Your answer must be the full listing, word for word, with no images in it.

Recorded data:
--------------------------------------------------

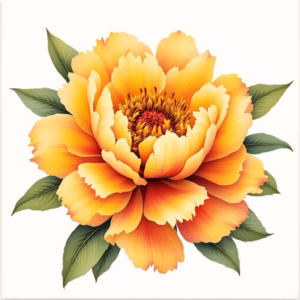 Yellow And Red Peony Flower Ceramic Wall Tile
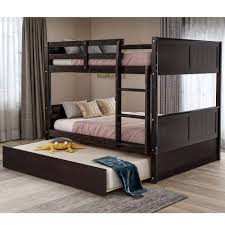 Space saving beds will be the best answer if you really want to have the perfect bedroom. Full Over Full Bunk Bed Rockjame Solid Wood Bunk Beds With Trundle Space Saving Design Bedroom Furniture With Ladder And Safety Rail For Boys Girls Kids Teens And Adults Espresso Buy Online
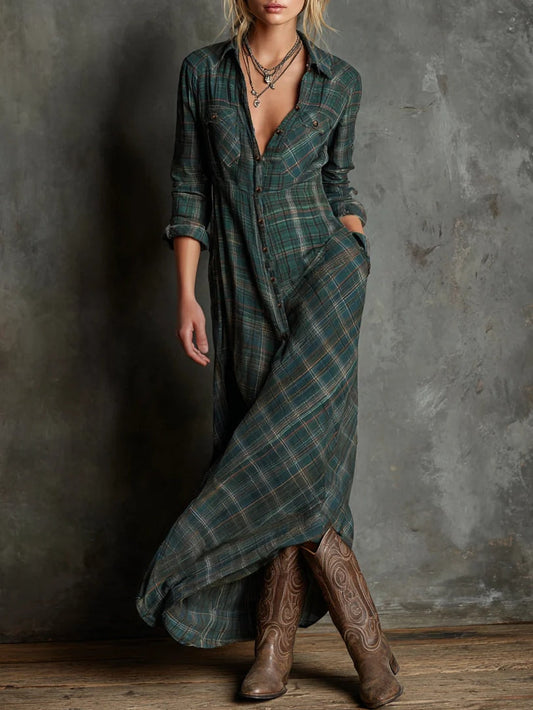Vestido camisero largo a cuadros con botones 1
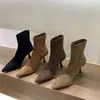 Botines de tacón alto, punta fina, gamuza, color caqui, corte ajustado, zapatos de mujer, nueva colección otoño/primavera 2025, botines cortos estilo coreano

--------------------------------------------------

Response:
 Yellow And Red Peony Flower Ceramic Wall Tile
 Space saving beds will be the best answer if you really want to have the perfect bedroom. Full Over Full Bunk Bed Rockjame Solid Wood Bunk Beds With Trundle Space Saving Design Bedroom Furniture With Ladder And Safety Rail For Boys Girls Kids Teens And Adults Espresso Buy Online
Vestido camisero largo a cuadros con botones 1
 Botines de tacón alto, punta fina, gamuza, color caqui, corte ajustado, zapatos de mujer, nueva colección otoño/primavera 2025, botines cortos estilo coreano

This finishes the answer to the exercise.